Given the moment, Alice will desire to deliver Bob some important piece of information encoded as a qubit.

# The state ψ Alice wants to teleport
α = rand(Complex{Float64})
β = sqrt(1 - α*conj(α)) # |α|² + |β|² = 1
@assert α*conj(α) + β*conj(β) ≈ 1 "State not properly normalized. Try with other (α,β)"
ψ = α*𝟎 + β*𝟏 # ∈ ℂ² ≝ ℂ ⊗ ℂ ; ρψ = ψ*ψ' ∈ ℂ ⊗ ℂ
_ψ = ψ # we can do this only in a classic circuit (debugging purposes)

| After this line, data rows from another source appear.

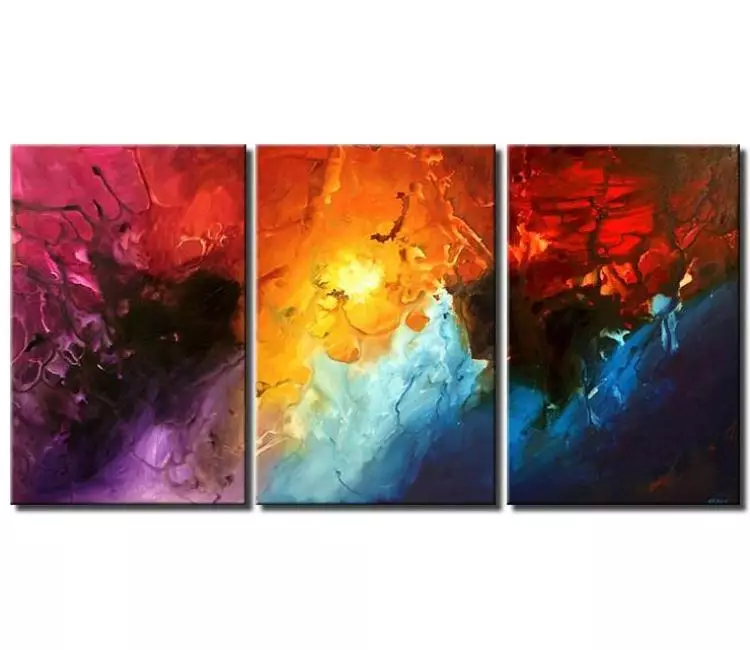 fluid painting - big colorful contemporary abstract painting on canvas large triptych modern living room office wall art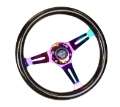 Picture of NRG Classic Wood Grain Steering Wheel 350mm Black Sparkle-Galaxy Color w-Neochrome 3-Spoke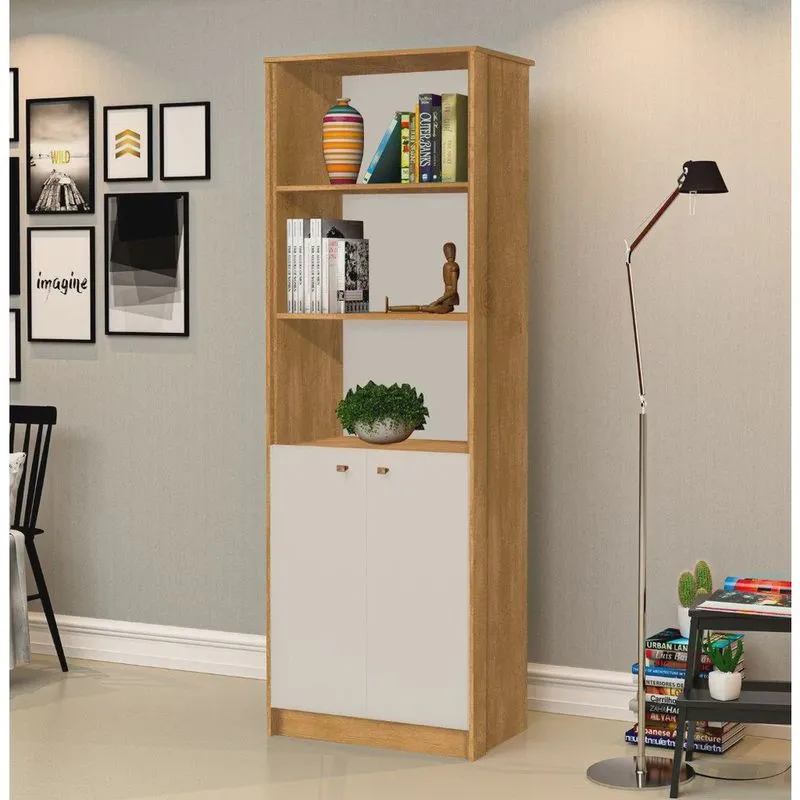 Estante Para Escritório off Com Prateleiras Para Objetos e 2 Portas Cor Off White/Nature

2-element Array{Complex{Float64},1}:
    0.75190393025605 + 0.5381299416639849im
 0.38086302728175303 + 0.0im

She applies a conditional-NOT to the entangled qubit based on the state to be teleported. Thus, both are entangled. Next, applies a Hadamard matrix to the state to be teleported.

s = ψ ⊗ ebit;

gate1 = CNOT ⊗ I(2)
gate2 = H ⊗ I(4);

ψ = gate2*gate1*s;

Alice measures first two bits, posibilities are 00, 01, 10, and 11

P𝟎𝟎 = 𝟎𝟎*𝟎𝟎' ⊗ I(2) # projections
P𝟎𝟏 = 𝟎𝟏*𝟎𝟏' ⊗ I(2)
P𝟏𝟎 = 𝟏𝟎*𝟏𝟎' ⊗ I(2)
P𝟏𝟏 = 𝟏𝟏*𝟏𝟏' ⊗ I(2);

ρψ = ψ*ψ' # density operator
p𝟎𝟎 = tr(ρψ * P𝟎𝟎) |> real # probabilities
p𝟎𝟏 = tr(ρψ * P𝟎𝟏) |> real
p𝟏𝟎 = tr(ρψ * P𝟏𝟎) |> real
p𝟏𝟏 = tr(ρψ * P𝟏𝟏) |> real;

@info "  The probability of |𝟎𝟎⟩ is $p𝟎𝟎"
@info "  The probability of |𝟎𝟏⟩ is $p𝟎𝟏"
@info "  The probability of |𝟏𝟎⟩ is $p𝟏𝟎"
@info "  The probability of |𝟏𝟏⟩ is $p𝟏𝟏"

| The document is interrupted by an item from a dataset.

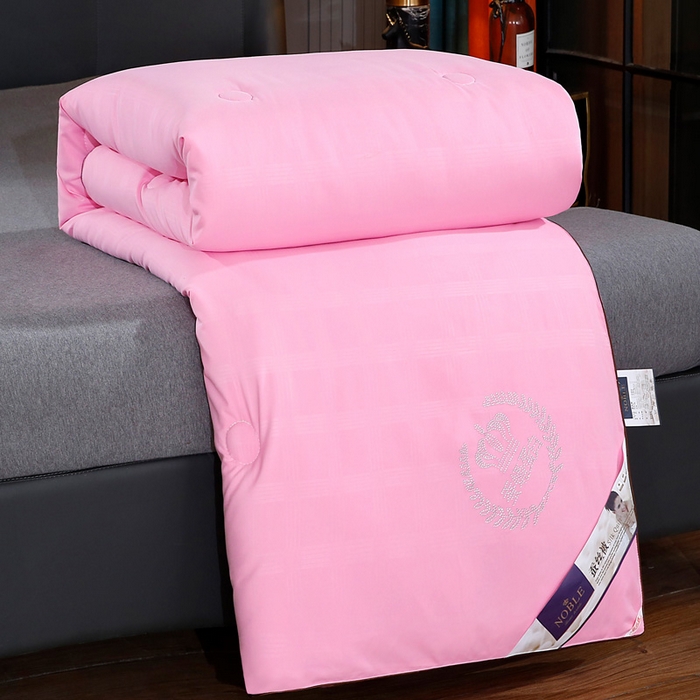 91家纺网 家纺一手货源 找家纺 前程家纺2025被夏被春秋被冬被芯双胎被二合一拉链款子母被明艳粉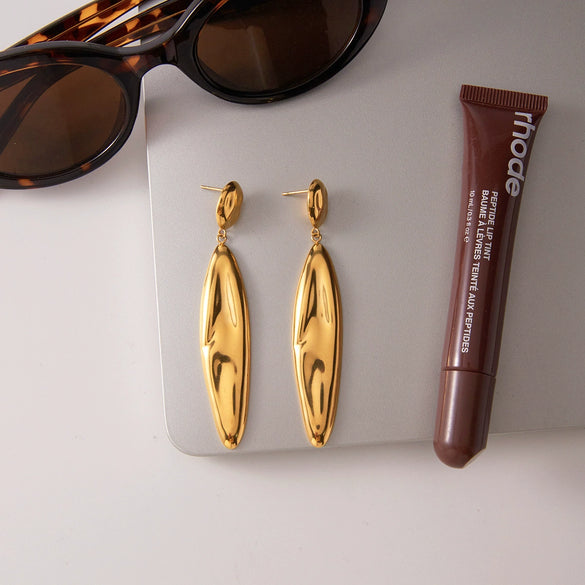 Wholesale Women's Quiet Classic Light Luxury Minimalist Geometric Drop Shape Hammered Electroplated Stainless Steel Pendant Earrings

┌ Info:   The probability of |𝟎𝟎⟩ is 0.2499999999999999
┌ Info:   The probability of |𝟎𝟏⟩ is 0.2499999999999999
┌ Info:   The probability of |𝟏𝟎⟩ is 0.2499999999999999
┌ Info:   The probability of |𝟏𝟏⟩ is 0.2499999999999999

All outcomes have the same chance of appearing.

icollapsed = argmax([p𝟎𝟎, p𝟎𝟏, p𝟏𝟎, p𝟏𝟏])
icollapsed = rand(1:4) # to avoid taking always the first
Pcollapsed = [P𝟎𝟎, P𝟎𝟏, P𝟏𝟎, P𝟏𝟏][icollapsed];

x = (icollapsed == 2 || icollapsed == 4) |> Int
z = (icollapsed == 3 || icollapsed == 4) |> Int
@info "  Alice measured x = $x and z = $z"
@info "  Alice qubits collapsed to $(["|𝟎𝟎⟩", "|𝟎𝟏⟩", "|𝟏𝟎⟩", "|𝟏𝟏⟩"][icollapsed])"

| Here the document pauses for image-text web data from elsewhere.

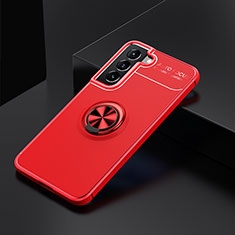 Silikon Hülle Handyhülle Ultra Dünn Schutzhülle Tasche Flexible mit Magnetisch Fingerring Ständer für Samsung Galaxy S22 Plus 5G Rot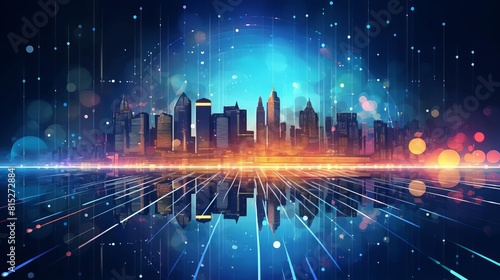 A digital painting of a cityscape at night. The city is full of skyscrapers and lights. The sky is dark and there are stars in the sky. The city is reflected in the water.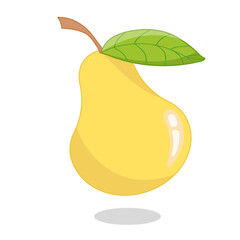 Yellow pear on white background. Fruit vector illustration for children's activity book, worksheet, print.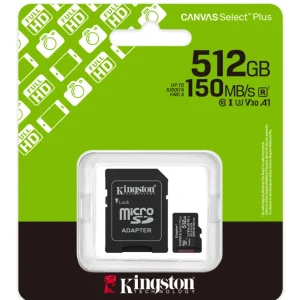 MEMORIA MICRO SD KINGSTON CANVAS SELECT PLUS, 512GB, CON ADAPTADOR SD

┌ Info:   Alice measured x = 1 and z = 0
┌ Info:   Alice qubits collapsed to |𝟎𝟏⟩

The resulting two classical bits are shared to Bob, who uses them to process his entangled bit.

range = 2icollapsed-1:2icollapsed
ψ = normalize!(Pcollapsed*ψ)[range] # state after measurement of 𝟎𝟎
ψ = Z^z * X^x * ψ # Bob uses Alice classical bits x and z
@assert _ψ ≈ ψ "Teleported state has been corrupted"
@info "  Teleported |ψ⟩ = ($(ψ[1])) |𝟎⟩ + ($(ψ[2])) |𝟏⟩ !!"

┌ Info:   Teleported |ψ⟩ = (0.75190393025605 + 0.5381299416639849im) |𝟎⟩ + (0.3808630272817531 + 0.0im) |𝟏⟩ !!

This is awesome! We have teleported a vast amount information just moving two bits. It is like seeing a sportsman pulling a truck with his beard!

Teleportation technology

While this may seem just a theoretical result, recent experiments suggest that an internet based on quantum technology could be feasible. A collaborative team of researchers teleported qubits (as photon states) over a 44 km fiber optic with a fidelity above 90%. The results have been published in PRX Quantum.